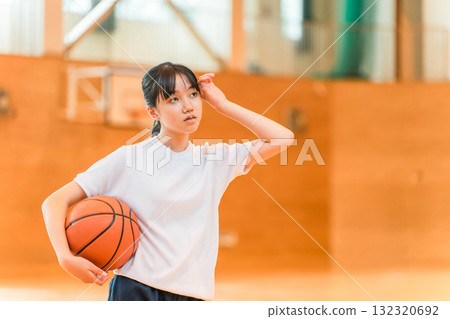 體育館裡身穿運動服、手抱籃球的女國中生和高中生 132320692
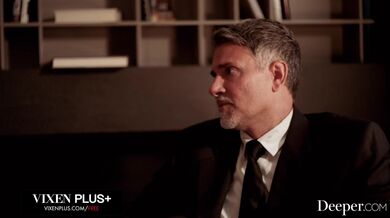 Gabbie Carter skončila v brutálním sevření a nechala si vymrdat obě dírky dvěma tlustými kládami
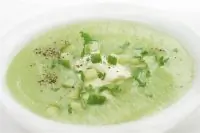 Зеленый гаспачо с хлебным мякишем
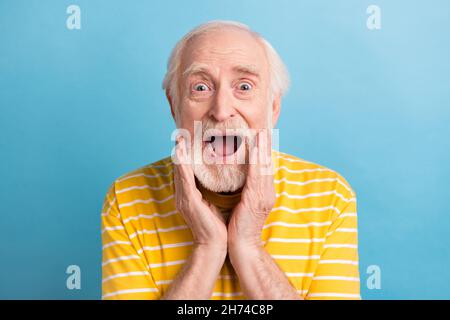 Primo piano ritratto di bello stupito allegro uomo grigio-capelli buona reazione notizie isolato su sfondo blu brillante Foto Stock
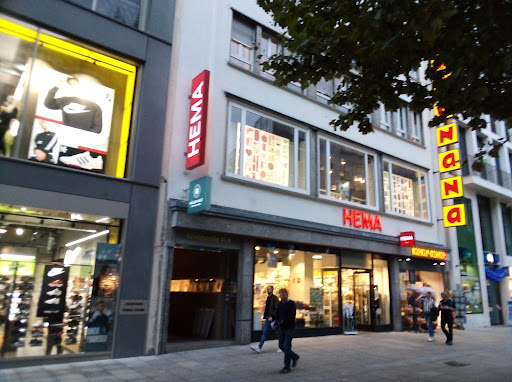 Stores to buy nail polish Stuttgart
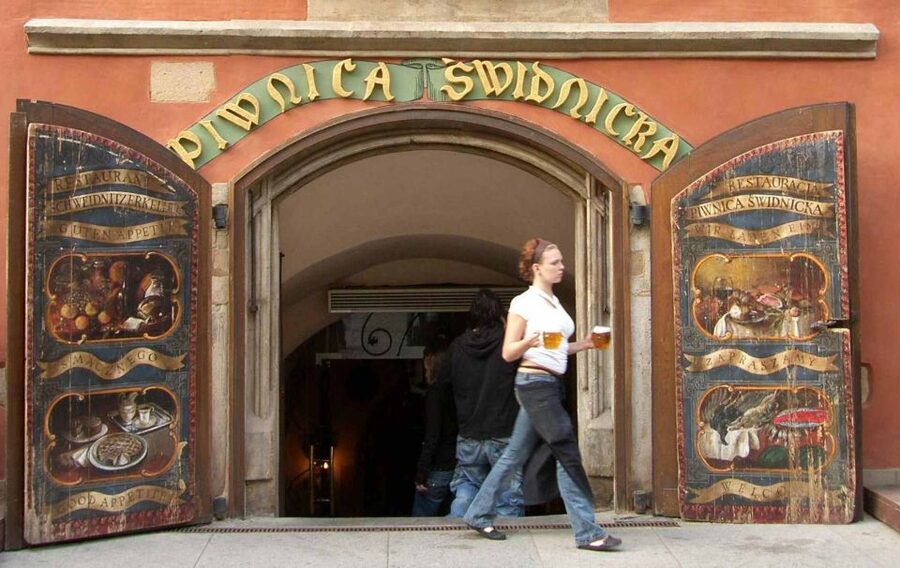 Wroclaw: Guided Tour & Beer Tasting (2 hours) - Is the 181 USD group price good value?
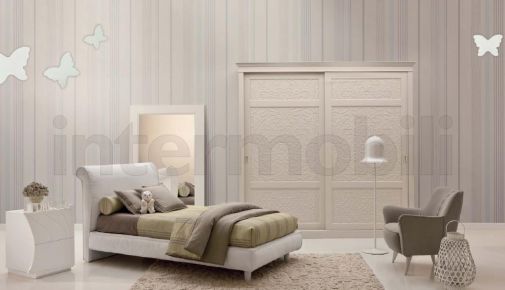 Спальня для подростка в нежных оттенках.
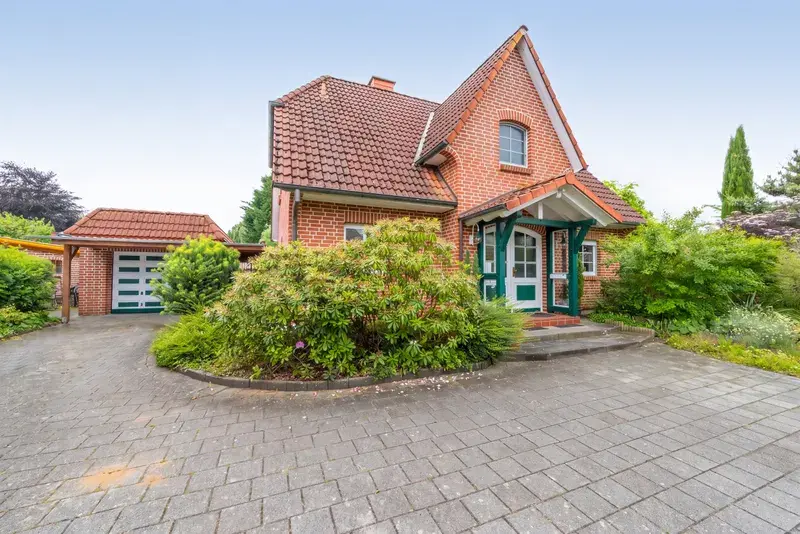 Reizvolles Einfamilienhaus mit gewachsenem Garten in ruhiger Sackgassenlage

—————

• **Work to be completed**:
Write the data above out again exactly, minus its pictures.

• **Answer area**:
 體育館裡身穿運動服、手抱籃球的女國中生和高中生 132320692
 Gabbie Carter skončila v brutálním sevření a nechala si vymrdat obě dírky dvěma tlustými kládami
 Зеленый гаспачо с хлебным мякишем
 Primo piano ritratto di bello stupito allegro uomo grigio-capelli buona reazione notizie isolato su sfondo blu brillante Foto Stock
 Stores to buy nail polish Stuttgart
 Wroclaw: Guided Tour & Beer Tasting (2 hours) - Is the 181 USD group price good value?
 Спальня для подростка в нежных оттенках.
 Reizvolles Einfamilienhaus mit gewachsenem Garten in ruhiger Sackgassenlage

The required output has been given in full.